DynFrame: Adaptive Reasoning-Driven Multimodal Framework with Dynamic Frame Augmentation for Complex Video Understanding
Researchers introduce DynFrame, an advanced video understanding framework that enables multimodal language models to dynamically select both temporal windows and frame sampling rates during inference. The approach achieves competitive performance with smaller 4B models against larger 7B-8B baselines and sets new state-of-the-art results with its 8B variant across six video understanding benchmarks.
DynFrame addresses fundamental inefficiencies in how video multimodal large language models retrieve and process visual information. Traditional approaches require models to make fixed-frame-rate retrieval decisions, forcing repeated calls to capture fine-grained evidence and bloating inference context lengths. By tokenizing both the temporal window and sampling density as learnable parameters, DynFrame enables single-step retrieval of multi-granularity evidence, substantially reducing computational overhead and model complexity.
The framework's innovation extends beyond technical efficiency to credit assignment mechanisms. Existing video MLLMs optimize retrieval and answer generation together, treating all tokens equally regardless of their role. Segment-Decoupled GRPO (SD-GRPO) decouples this optimization by splitting rollouts at retrieval boundaries and assigning role-specific advantages, allowing the model to separately credit sampling decisions versus reasoning quality. This fine-grained optimization improves both retrieval accuracy and answer generation.

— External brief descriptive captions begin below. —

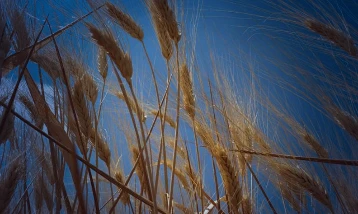 Hububatta yüz güldüren tablo: Türkiye genelinde yüksek rekolte beklentisi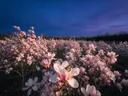 Landschapsfoto van magnolia bij de schemering, met een vlinder op de bloemen
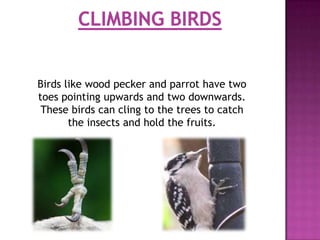 Birds like wood pecker and parrot have two
toes pointing upwards and two downwards.
 These birds can cling to the trees to catch
       the insects and hold the fruits.
 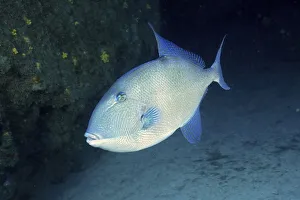 Grey triggerfish (Balistes capriscus) triggerfish (Balistes carolinensis)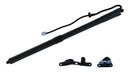 Tuff Support 615109 Liftgate Lift Support - Right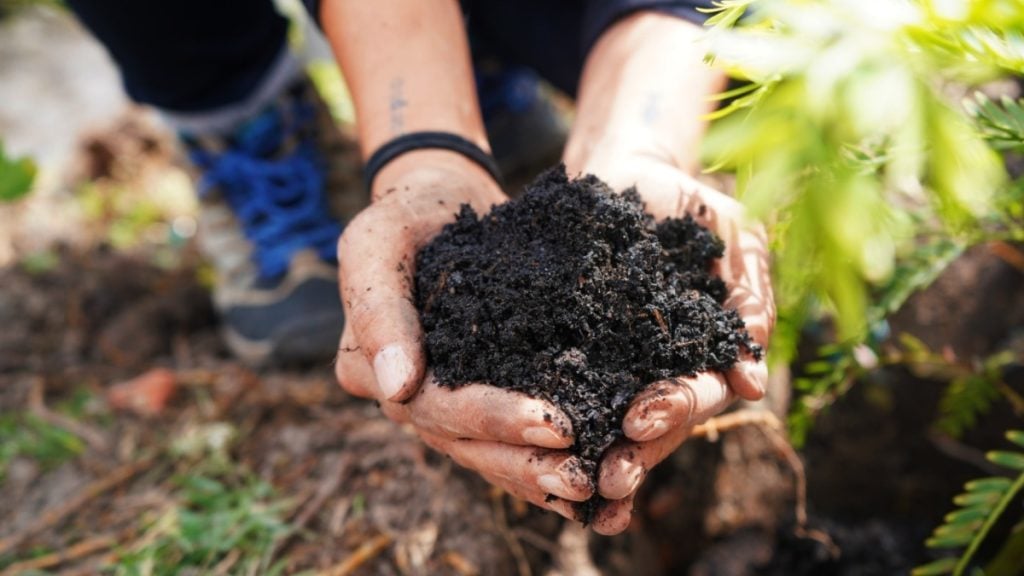Bavaria: 600 mil árboles sembrados por Colombia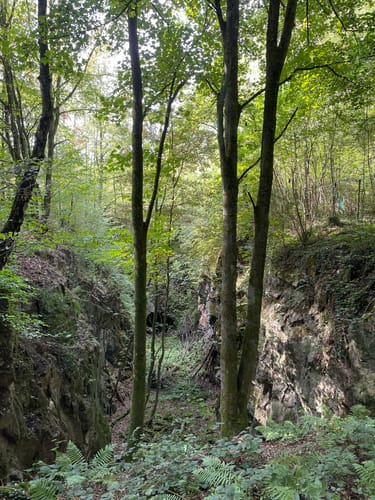 Schlupkothen Rundweg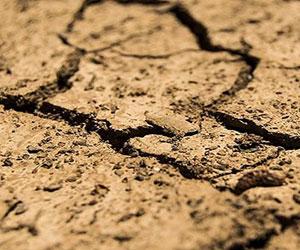 Dry cracked ground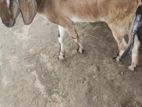 সুস্ত দেশি প্রজাতির ছাগল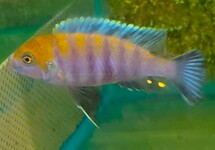 CYNOTILAPIA AFRA COBUE M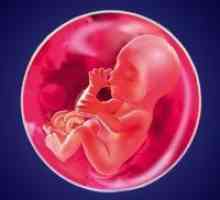 Sarcina Săptămâna 21 - dezvoltării fetale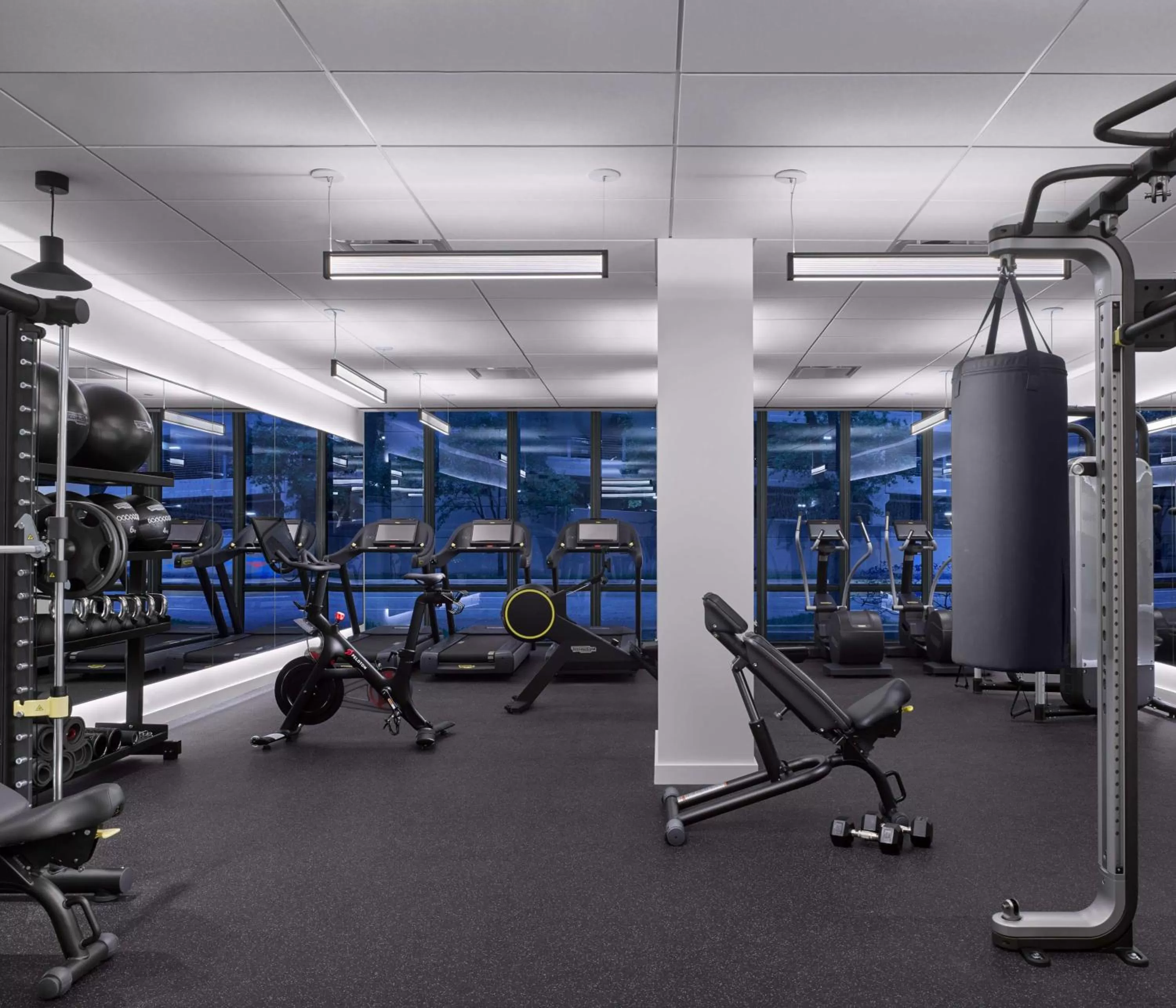 Fitness centre/facilities in C. Baldwin, Curio Collection by Hilton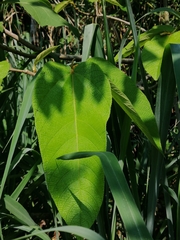 Apeiba tibourbou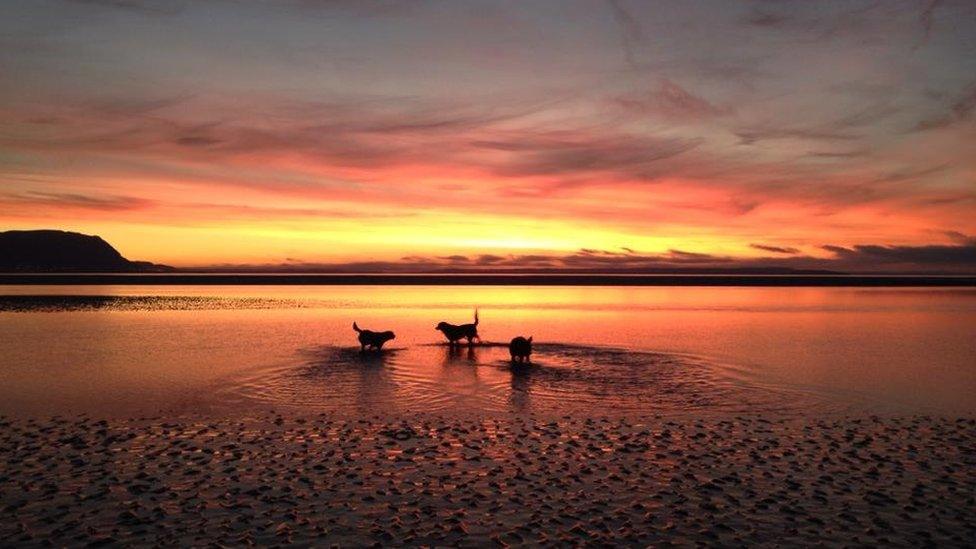 Dogs on Llandudno beach at sunset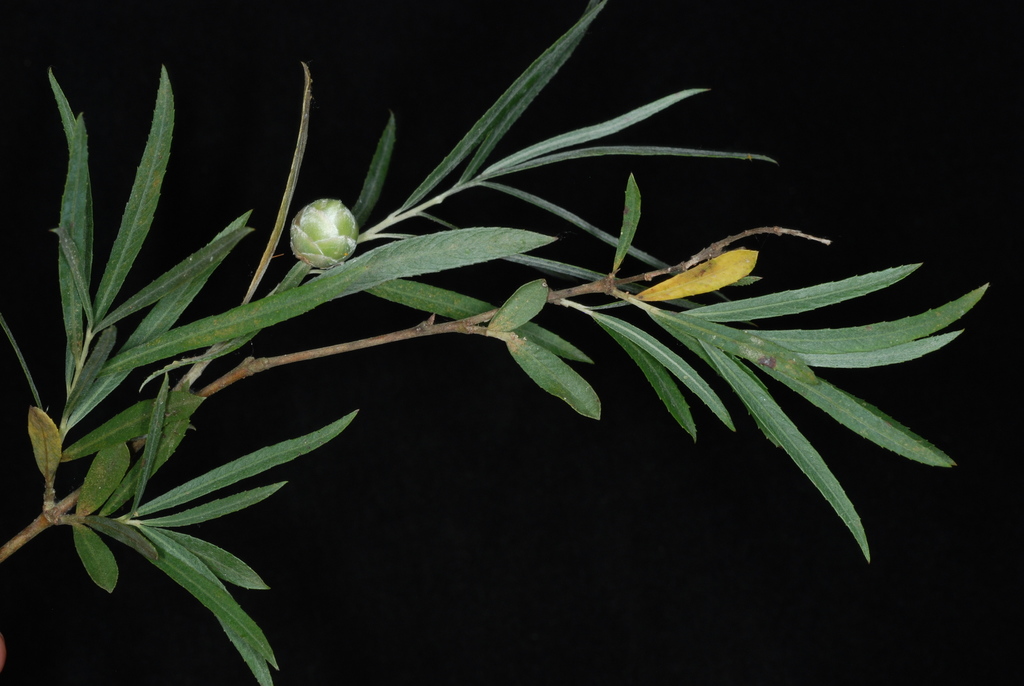 Willow Pinecone Gall Midge reference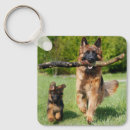 Search for german shepherds key rings Puppies
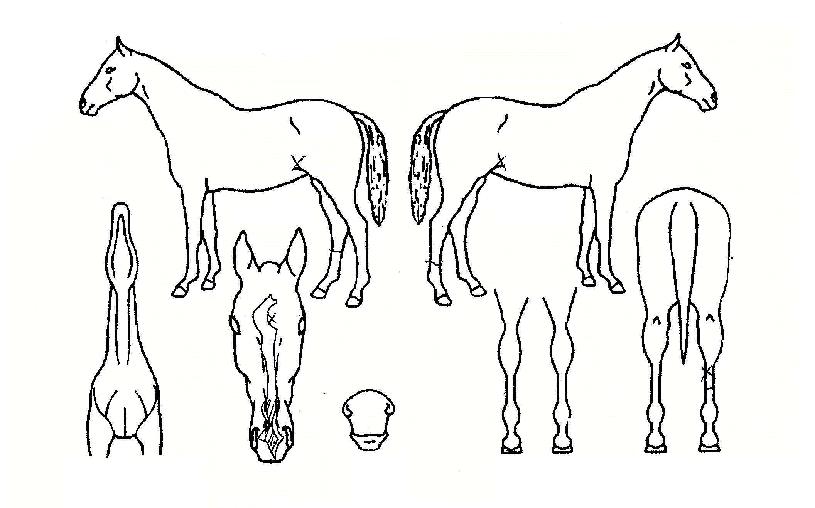 �籺������ ����,���,�޸�,�λ�,�ٸ��� Ư¡����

DynFrame's competitive results demonstrate that architectural innovation can bridge the performance gap between model sizes. A 4B parameter version matches capabilities of 7B-8B models, suggesting that parameter efficiency through smarter design may become increasingly valuable as video understanding demands grow. The 8B variant's state-of-the-art performance across NExT-GQA, Charades-STA, ActivityNet-MR, Video-MME, MLVU, and LVBench indicates robust generalization across different video understanding tasks.
The open-source release positions DynFrame as a foundational contribution that could accelerate development of more efficient multimodal systems. As video data becomes central to AI applications, techniques that reduce computational requirements while maintaining quality will drive broader adoption.
- βDynFrame enables learnable frame sampling density alongside temporal window selection within a single autoregressive retrieval pass, reducing inference overhead.
- βSegment-Decoupled GRPO assigns separate token-level advantages to retrieval and reasoning decisions, improving credit assignment in training.
- βDynFrame-4B matches larger 7B-8B baselines across multiple benchmarks, demonstrating parameter efficiency through architectural innovation.
- βThe framework achieves state-of-the-art results on six video understanding benchmarks including NExT-GQA, ActivityNet-MR, and Video-MME.
- βOpen-source code availability enables rapid adoption and further development of efficient multimodal video understanding systems.